With Year-end statements in hand, now is a good time to “size up” just how 2018 turned out, financially speaking. Enjoying 2017 returns in the double digits, 2018 was looked upon to continue adding equity, after all, the pundits were hailing low unemployment, new lower tax rates for all, the economy humming along just fine…..then came the “ Trade War”. Instigated by the new “ Sheriff in town”, imposing high tariffs on Hundreds of Billions of dollars of imports, the slide downward began.
Through the summer, we were treated to one announcement after another of new tariffs on all sorts of commodities; and, from the likes of China, India and Canada, among others, announcements of their own imposing of tariffs on our exports, in retaliation.
By the Fall, a heavy slump set in; more down days than up in the financial markets, not to mention the Shutdown of our government right before Xmas.
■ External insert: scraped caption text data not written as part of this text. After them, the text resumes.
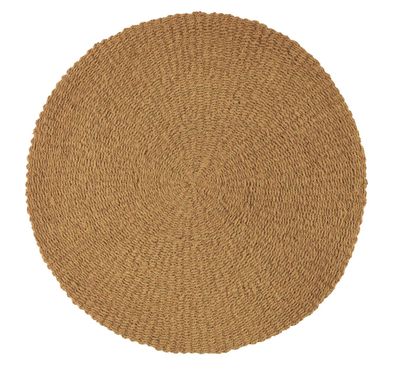 Teppich aus Kokosnussfasern, 120 cm Durchm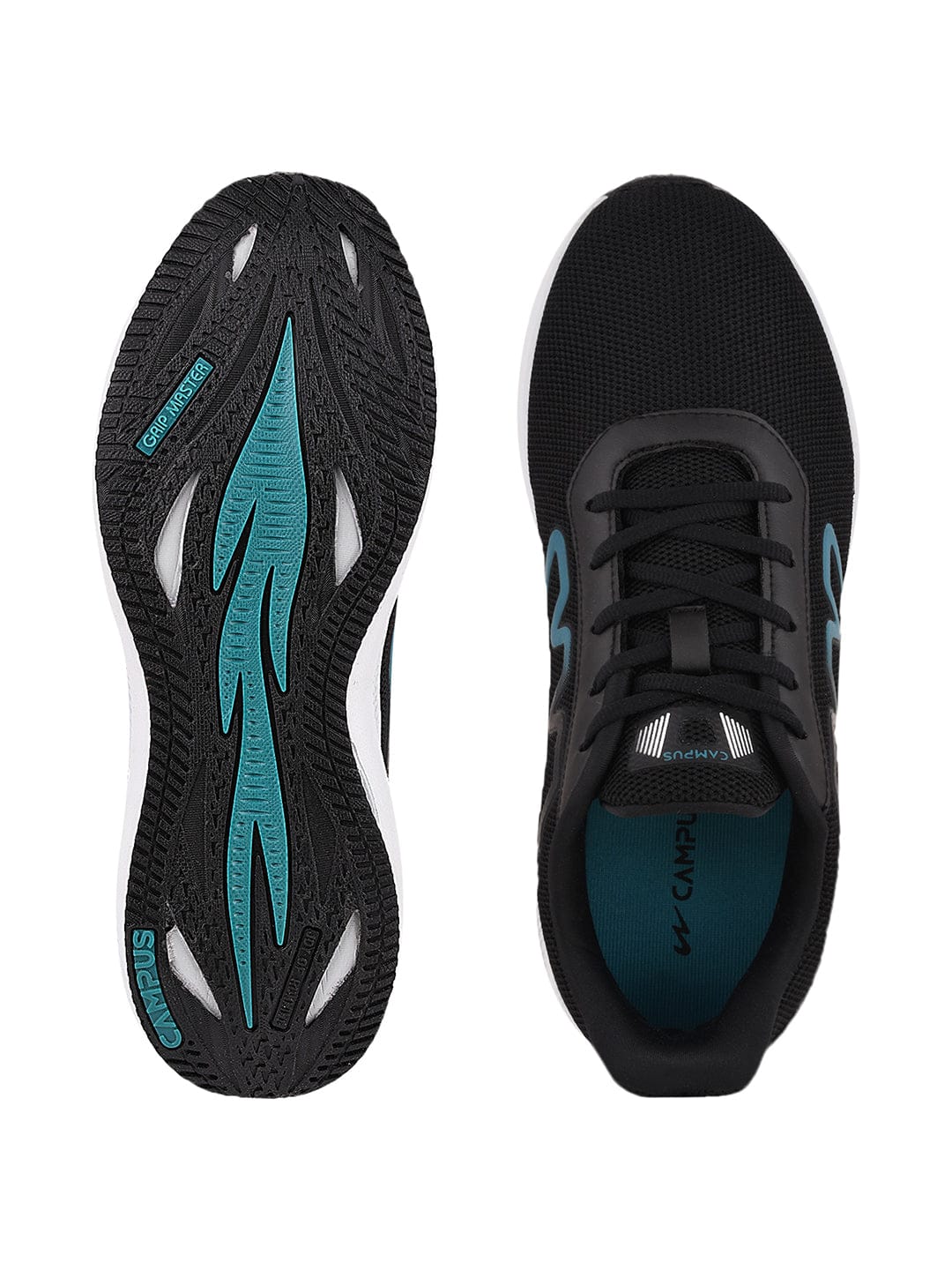 RAKE Black Men's Running Shoes - Image 4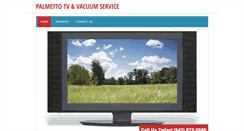 Desktop Screenshot of palmettotvservice.com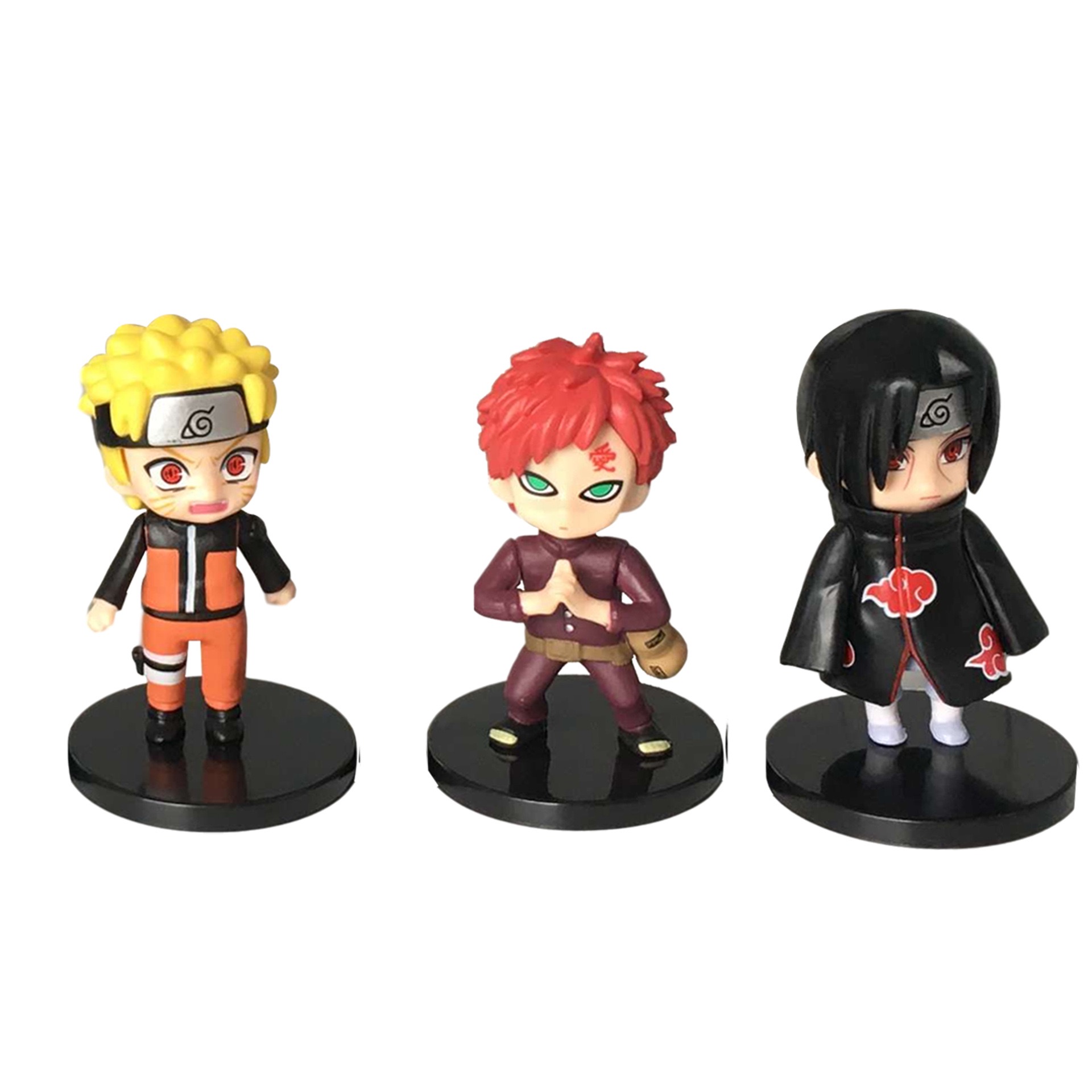 12pcs/set Naruto Anime Shippuden Hinata Sasuke Itachi Kakashi Gaara. 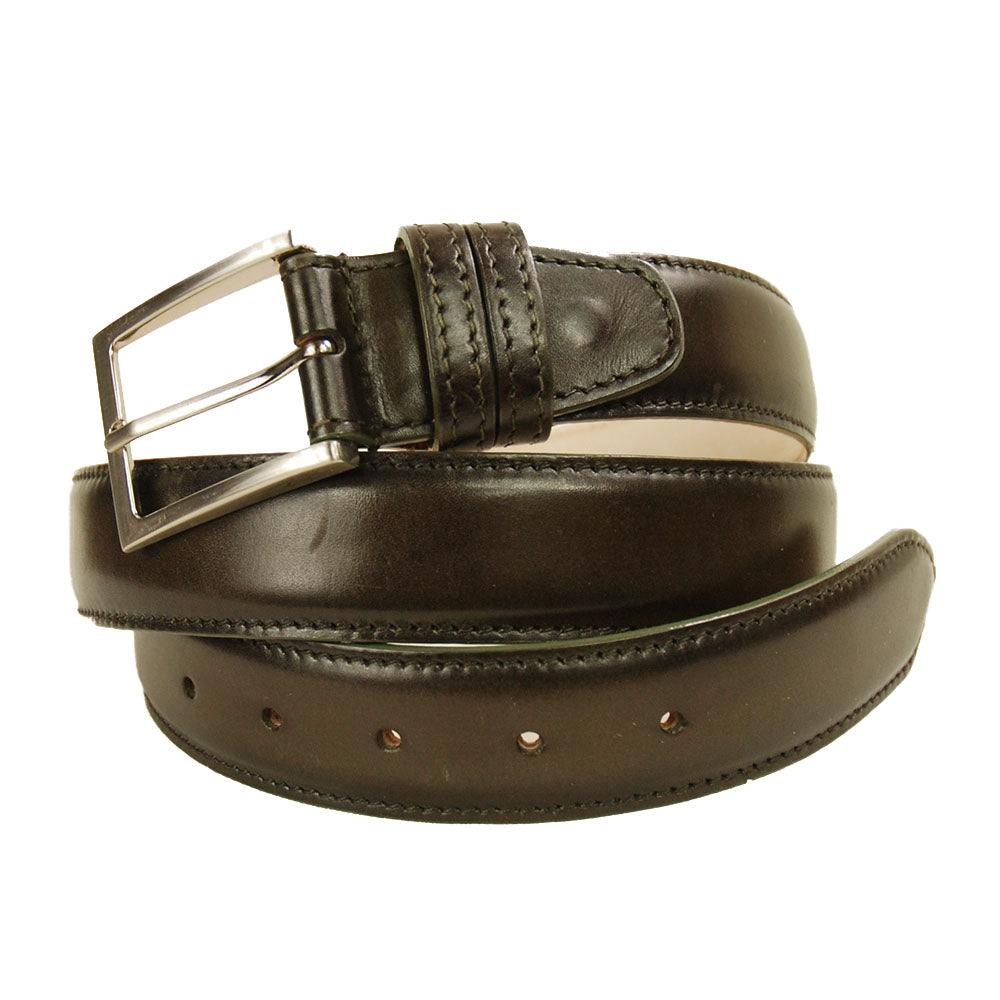 Dark brown leather belt ⎪ Sapri ⎪ Bochicchio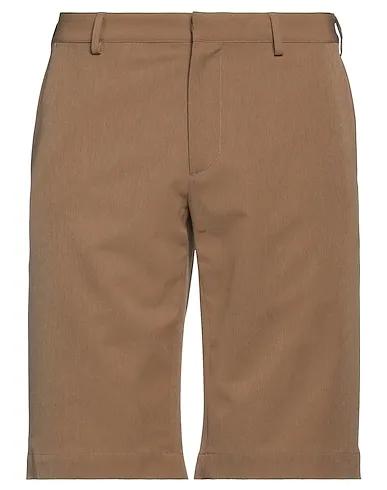 Light brown Techno fabric Shorts & Bermuda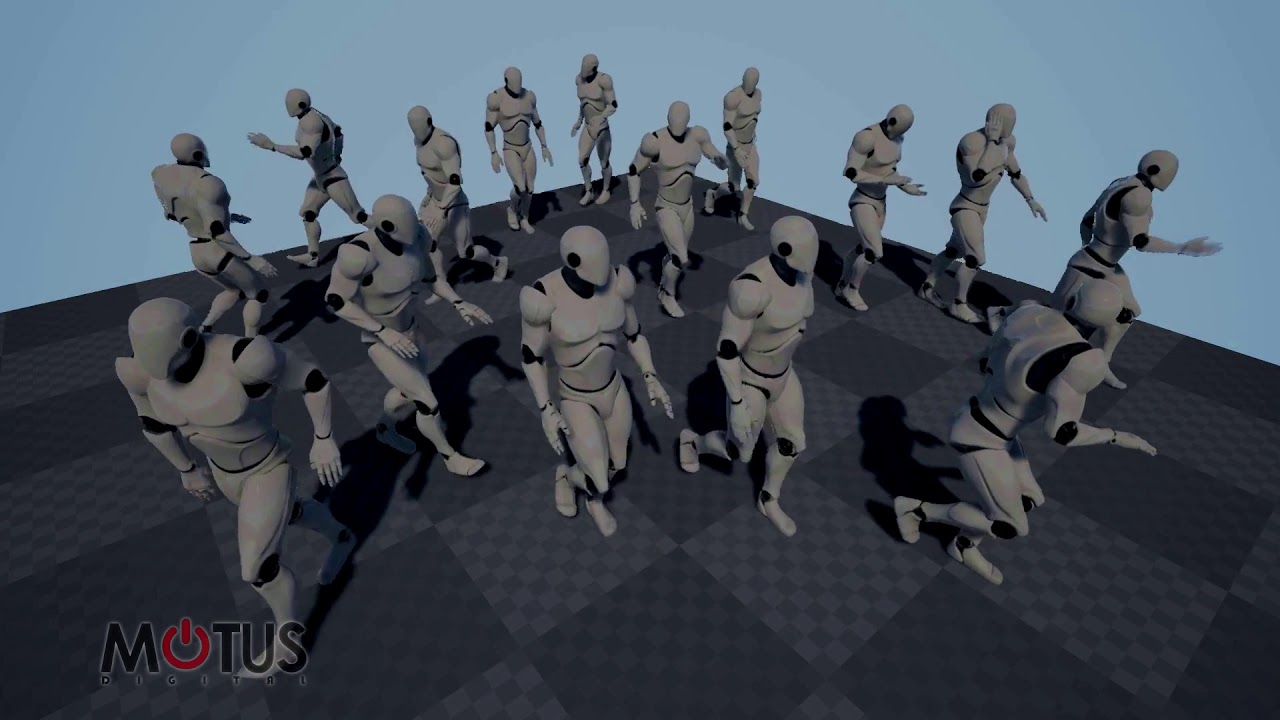 Walks 01 for UE4   MocapOnline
For many, the year ended in the “red”…stocks were pummeled as some investors “ran for the exits” while others just “cringed”. How does one reconcile such an awful year and still remain committed to investing?
I found comfort in looking at things differently; as 2 yr average..2017 & 2018; a handsome 10% return for 2017 opposed to a dismal –5% for 2018 (from year end 2017)… a 15% gap….yau-za!!! However, dividing the gap over the 2 year period, each moving 7.5% toward the middle, would close the gap yielding 2.5% each year; not a lot more than having been fully invested in A Money Market account, but erases the “negative”, at least in my mind.
And, in spite of all this, 2019 is shaping up not too badly. In just the first 6 weeks of the year, many Mutual Funds have returned 8% to10% over price per share (pps) lows of 12/31/18, erasing approx. 80 percent (4%) of that year end loss (5%). Put another way, could we be feel better looking at a 2yr 6wk average Feb 2019 (-1%) Dec 2017 (+10%) a gap of 11% resulting in 4.5% ………just saying…..
Going forward…..who knows… suffice to say that we’ll have good years and bad…… but may the good ones out weigh the bad ones. And, for those on the sidelines, perhaps now is the time to re invest… buying low and slow.